The realm of time series database keeps expanding those last years. Now and then a new contender appears from the fog. People keep asking me about the difference between Gnocchi and Prometheus. It's time to content them.

Gnocchi and Prometheus are two open source projects evolving in the same expertise area, time series handling. They both are licensed under the Apache 2.0 license (see Gnocchi license file and Prometheus license file. And that's a good thing!

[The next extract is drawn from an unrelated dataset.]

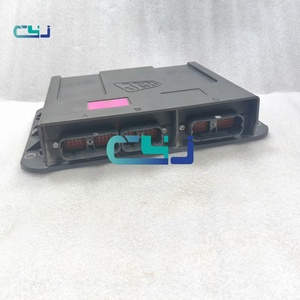 728/35700 332/K6848 4HK1 ชุดควบคุม ECU เครื่องยนต์สำหรับรถขุด JS210 JS220 อะไหล่เครื่องจักรคุณภาพสูง - Product Image 4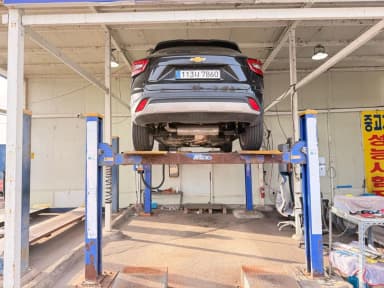 Trax Crossover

Both Gnocchi and Prometheus offers a bunch of features. Here's a table summary of the differences between the features they both offer – or not.

User auth & ACL
Resource history
Metric polling
Highly available
Horizontal scalability
Alerting engine
Data compression
Pre-computed aggregation
Grafana support
collectd support

There's a lot of overlap between the two projects, but there are also some major differences.

First, Gnocchi does not try to solve the metric retrieval problem. Prometheus provides a pull mechanism and takes in charge of getting the measurements. Gnocchi developers estimate that they are plenty of tools already doing that and that work well, such as collectd.

Secondly, Prometheus offers an alerting engine, statically configured with
a YAML file. It is way better than Gnocchi which offers nothing in comparison – for now. Gnocchi developers are discussing the feature and while it's not on the roadmap yet, it will happen. It will, however, leverage a REST API to be controlled, as it seems important to us to be able to define alerts

Then there is a bunch of features where Gnocchi shines compared to Prometheus, and it is the core of its function: storing metrics. Gnocchi has a great storage engine that supports many storage backends (plain
files, OpenStack Swift, Ceph…). It helps Gnocchi scaling horizontally and providing native high-availability, whereas Prometheus stays a single point of failure.

Multi-tenant and authentication are also supported by Gnocchi, allowing a single instance to be shared by multiple accounts. System administrators do not commonly use this kind of feature, but applications developers usually need them.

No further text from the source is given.